The film is set at that moment of transition between silent films and the talkies. Do talkies kill the silent star? Well if he can’t talk then we’d expect the answer to be yes metaphorically and perhaps not just metaphorically as George sinks lower and lower into self-destruction with his career ruined.
We first meet Peppy when she is waiting hoping to meet her screen idol, George Valentin – still at the height of his success, amongst the crowds of fellow fans and photographers. She drops her autograph book and in the search to retrieve it finds herself out in the limelight right next to George. A pause while we wonder what she will do? She seizes the moment and with beaming smiles poses with him for the cameras. And so ends up on the front cover of Variety with him. How many movie-star fans, including myself J would wish to do the same with their idol? And how many would love to take it even further, as Peppy does by capitalising on the initial interaction by dancing her way onto the movie-set of his latest film as an extra, and then making such a profound connection in the little dance sequences they have together, supposedly in passing, that she ‘ruins’ several takes. Their connection is beautifully pure, profound and irresistible.

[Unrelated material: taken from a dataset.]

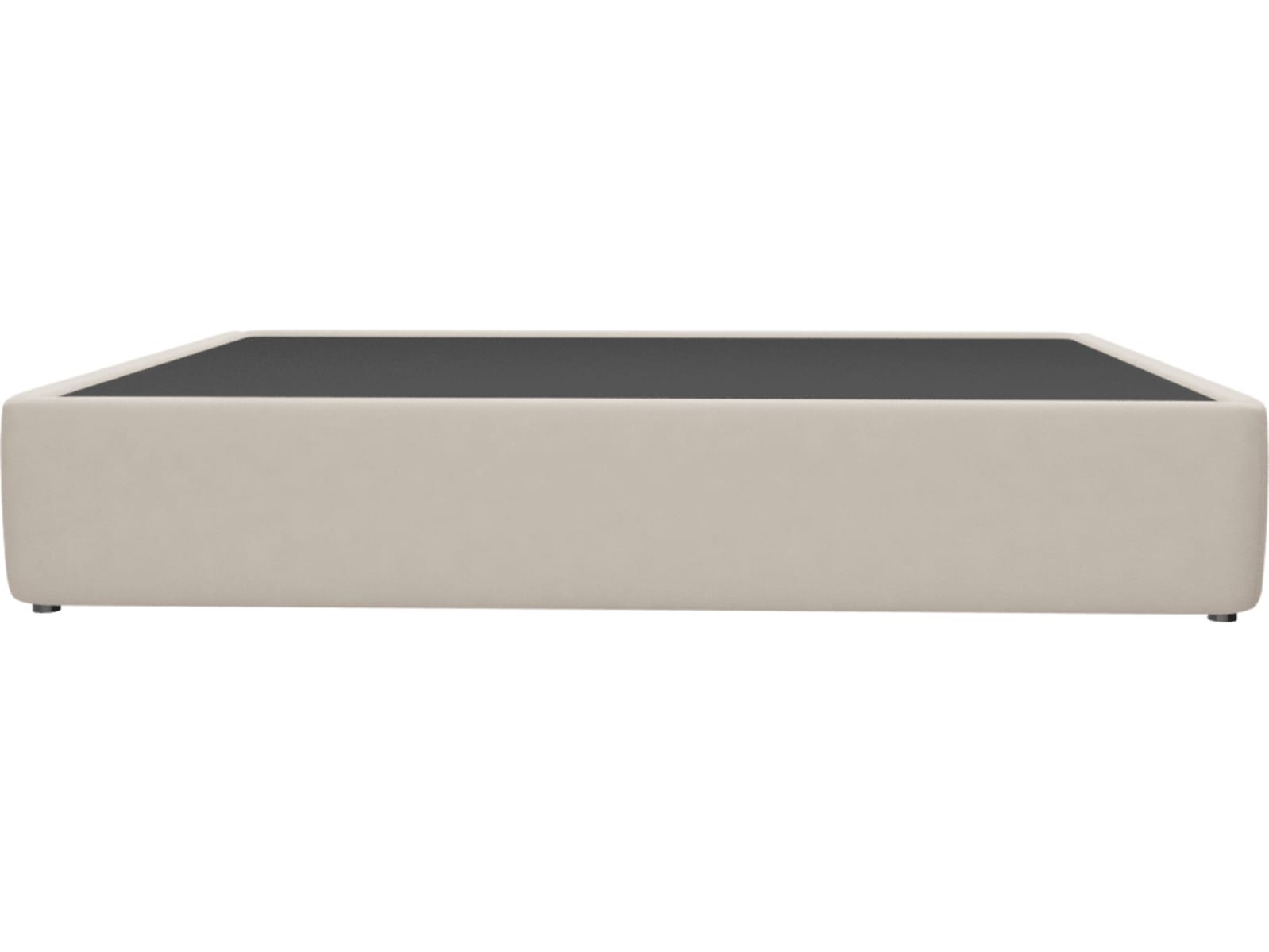 Leo Bed Base Alles Angora color Alles Angora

Peppy has made her mark and becomes the next big thing in the talkies. But she never loses sight of her love for George…
This is such a clever and apparently simple idea, which has so many layers. And such inspired use of the best qualities of silent film, together with what can be done with current film technology to highlight how the two forms can encounter each other with magical consequences.
As I entered the Coronet Cinema I saw a warning above the ticket office window that The Artist is a silent film. In fact that is only 95% true. I will write no more so as not to spoil it. In actual fact this film inspired me so much there is ever so much to say but I know my reviews tend to be very wordy and maybe I have something to learn from The Artist and use words more sparingly J.

The Coronet: A beautifully ornate, antique cinema with many, many stairs and somewhat in need of renovation. It is not easily accessible to the disabled. The day I went there was a severely limited supply of necessary paper in the facilities.